It’s been over two months since my last post. I thought I’d have Infinitris 1.2 out by now, and maybe it should have been. I’ve deliberately not made any updates to the official page since my last release, mainly because I’ve invested a lot of time (and a decent amount of money too) into this game now and I haven’t wanted to release anything half-baked, even if it does follow my original strategy of a minimum viable product.

Anyway, I’ve completely replaced Infinitris’ old look with Rob’s new design, from the ingame assets to the landing page and user interface. Registration and logging in are now possible from the landing page, and once logged in you can choose your block colour and pattern, and also unlock achievements. Player status (guest, logged in, premium) can now be distinguished by a players’ nickname above their block.


Infinitris is starting to feel a lot more polished and immersive. The shitty graphics are gone and the connecting of blocks to form patterns is pretty satisfying. The new scoreboard makes players want to reach the top (rather than just plain text statistics) and the ability to customise your appearance really gives players a sense of individuality.


There’s still a lot to be done, but I’ve decided it’s time to stop hiding and “kick it out” as my Russian friend likes to sometimes say.

I’ve signed up to showcase Infinitris at the Armageddon expo in my home city next month (June 3rd) as part of the NZGDA booth. This should be a good way to kick things off and gain some exposure, lots of playtesting, make a few contacts, etc.

This means I’ve got a bunch of things to do before then:

  • Add a “How to Play” guide that pops up for new players before they join a game. This is incredibly important because people find it hard to get past the basic mechanics of Tetris and realise that this might be something new. This isn’t Tetris! The aim of the guide is to explain the controls and mechanics in a quick, entertaining and easy-to-read way.
  • New UX – Apart from the camera shake when a player makes a mistake and the player drop effect, I need to redo everything else (clearing lines, phase shifting, grid reset, cell stealing, stomping, valid block placement, grid expansion).
  • Add a persistent scoreboard. I think this will help with player retention, especially while I’m trying to grow a player base.
  • Add a new cell stealing mechanic – wrapping another player’s cells with your own blocks will steal them. This came from playtesting the existing stomp mechanic – we discovered that adding more ways to sabotage and compete with other players is a great way to make the game more fun.
  • Add a basic lobby chat system. Players can chat with each other from the landing page and organise games.
  • Add the Paypal button to activate premium (It’s not an MVP until you can buy the game right?)

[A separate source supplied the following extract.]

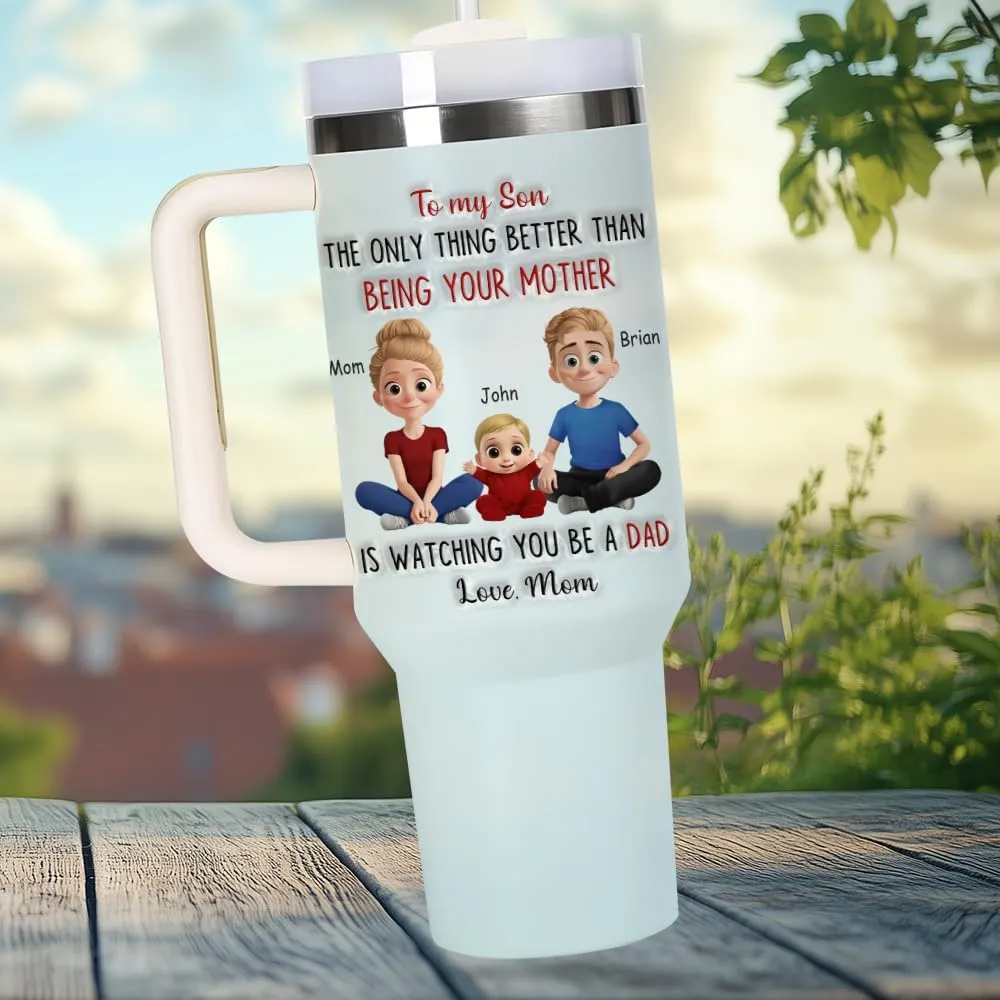 Personalized To My Son From Mom Tumbler - Sons Tumbler 40 OZ - Sons Gifts From Mom - Custom Being Your Mother Cup - Custom Father's Day Gifts For Son, Boy From Mother, Mama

I doubt I’ll get all these done, but let’s see how far I can go. I now have a deadline, and I’ll be releasing Infinitris 1.2 before Armageddon no matter what state it’s in. Once 1.2 is released, I’ll go back to my original strategy of frequent updates on the release branch.

I’ve asked Rob to create a couple poster designs and a business card design so I have something to bring to the expo. I’m looking forward to seeing what he comes up with – I’m sure it’ll entice people to try out my game!

– Roland

Art Ahoy!


Over the last few months I’ve been working closely with Rob Hayes on perfecting the Infinitris theme. It’s been a bumpy ride of daily emails with multiple revisions, conflicting opinions and compromises based on the resources I have available. I think he’s done an amazing job! Infinitris has truly transformed.

Here’s a few screenshots of our journey:

1-0-5p infinitris-initial-concept-2 infinitris-initial-concept-1 infinitris-initial-concept-3 infinitris-initial-concepts-2-paralax-effect-1 infinitris-initial-concepts-3-paralax-effect-5

infinitris-initial-concepts-3-paralax-effect-6 infinitris-initial-concepts-3-paralax-effect-6-without-gameplay infinitris-initial-concepts-3-paralax-effect-7-without-gameplay infinitris-initial-concepts-3-paralax-effect-7

infinitris-assets-testing infinitris-logo-icon-concept-1


Development-wise, I’ve been doing a lot of behind-the-scenes work:

  • SSL connection for infinitris.io
  • User registration, activation and login
  • Multiple room support
  • Mobile input
  • Paypal IPN listener for premium activation
  • Admin login
  • Spectator mode

Now that these are done, it’s time to get Rob’s assets ingame!

Infinitris 1.2 – Coming soon to a port near you.

– rolznz


These last two weeks have been pretty hectic for me. I actually haven’t written a single line of code on the game since Monday (5 days ago) but by no way does that mean I haven’t been working hard making my vision a reality. I’ve negotiated and signed an art contract, pushed out a release with a number of new mechanics and organised a playthrough event at work, this time managing to get 11 concurrent players ingame.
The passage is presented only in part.